Tax reform is at the top of the agenda for president Obama along with likely presidential candidates for 2016.
Obama is looking to raise tax rates, to rollback estate tax exemptions, and raise the death tax. GOP proposals would eliminate capital gains taxes, income taxes on dividends and the death tax, along with most deductions, while paring down the tax code to three income brackets: Two for individuals, and one for businesses.
And if you don't like either plan, now is your chance to do something about it.
Send your ideas email@example.com....
But hey...keep it clean.
As much as I’d welcome tax reform, I’m guessing their ideas on tax reform and ours are vastly different.
Although big banks struggled to successfully pass the annual stress test required by the Federal Reserve most of them did well enough for the central bank to allow large dividend increases to shareholders and share buyback programs.
The annual exercise-- known as a stress test-- is run in order to make sure that the banks have sufficient capital to withstand a financial crisis.
Since the 2009 financial crisis banks have been required to keep more capital on hand to meet liquidity needs in the event of a financial panic. And it's important to investors because these exercises determine how much capital in the form of dividends banks can return to shareholders, and interestingly, how much capital they can earmark for stock buybacks.
Which brings up this question: Does anyone else find it weird that banks would preferred to buy back their own stock with capital rather than loan money to people?
Yes. That’s how broken our financial system is.
The dollar continues to flex its muscles, marking a 12 year high against the Euro. Closing at 1.05 Euros to the dollar however has economist worried that the high value of the dollar could impact US economic growth.

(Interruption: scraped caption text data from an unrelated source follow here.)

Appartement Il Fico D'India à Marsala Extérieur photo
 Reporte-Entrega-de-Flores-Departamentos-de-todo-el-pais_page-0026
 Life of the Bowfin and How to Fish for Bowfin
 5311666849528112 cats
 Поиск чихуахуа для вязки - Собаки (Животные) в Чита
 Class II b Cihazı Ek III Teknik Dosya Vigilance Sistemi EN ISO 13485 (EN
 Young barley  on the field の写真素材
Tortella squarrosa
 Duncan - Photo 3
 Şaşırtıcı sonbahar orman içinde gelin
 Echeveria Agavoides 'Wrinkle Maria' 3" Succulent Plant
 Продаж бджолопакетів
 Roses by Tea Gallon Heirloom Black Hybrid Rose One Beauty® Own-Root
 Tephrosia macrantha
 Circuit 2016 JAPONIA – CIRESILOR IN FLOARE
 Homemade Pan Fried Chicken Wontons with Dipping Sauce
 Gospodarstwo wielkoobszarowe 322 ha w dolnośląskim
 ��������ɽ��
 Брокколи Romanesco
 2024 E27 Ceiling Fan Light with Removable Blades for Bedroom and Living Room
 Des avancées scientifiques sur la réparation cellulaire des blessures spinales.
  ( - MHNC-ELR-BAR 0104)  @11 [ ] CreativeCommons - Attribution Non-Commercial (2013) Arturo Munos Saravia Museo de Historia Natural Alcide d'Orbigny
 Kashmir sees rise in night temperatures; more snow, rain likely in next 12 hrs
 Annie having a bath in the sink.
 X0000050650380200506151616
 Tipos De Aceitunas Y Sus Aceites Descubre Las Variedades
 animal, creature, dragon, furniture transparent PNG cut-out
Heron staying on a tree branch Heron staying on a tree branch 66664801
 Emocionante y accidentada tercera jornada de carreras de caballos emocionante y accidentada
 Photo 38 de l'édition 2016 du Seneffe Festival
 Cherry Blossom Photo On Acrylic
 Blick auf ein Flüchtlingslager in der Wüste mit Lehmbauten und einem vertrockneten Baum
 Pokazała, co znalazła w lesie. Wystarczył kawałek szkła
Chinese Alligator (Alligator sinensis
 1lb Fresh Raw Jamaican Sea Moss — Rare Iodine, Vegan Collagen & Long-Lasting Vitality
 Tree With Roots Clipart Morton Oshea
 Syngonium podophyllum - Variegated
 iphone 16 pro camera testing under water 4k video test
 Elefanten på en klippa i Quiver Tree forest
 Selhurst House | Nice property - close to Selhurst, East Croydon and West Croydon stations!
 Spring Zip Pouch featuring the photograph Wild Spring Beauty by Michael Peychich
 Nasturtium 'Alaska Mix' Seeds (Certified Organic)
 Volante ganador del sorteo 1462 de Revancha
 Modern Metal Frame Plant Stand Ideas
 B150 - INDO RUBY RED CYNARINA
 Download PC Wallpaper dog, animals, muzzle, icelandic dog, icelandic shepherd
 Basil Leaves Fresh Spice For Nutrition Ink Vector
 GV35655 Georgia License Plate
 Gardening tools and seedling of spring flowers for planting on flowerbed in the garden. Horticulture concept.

As the dollar becomes more expensive relative to other currencies foreigners find it less economically advantageous to do business with US firms. As a result exports drop.
However from this vantage point it seems that the strong dollar is just another excuse that economist will use --along with bad weather-- to justify why they are robust economic forecasts aren't working out as planned.
Of course the dollar was going to get more expensive when we stop quantitative easing; of course the dollar was gonna get more expensive as interest rates started coming up.
Even an economist should've known that.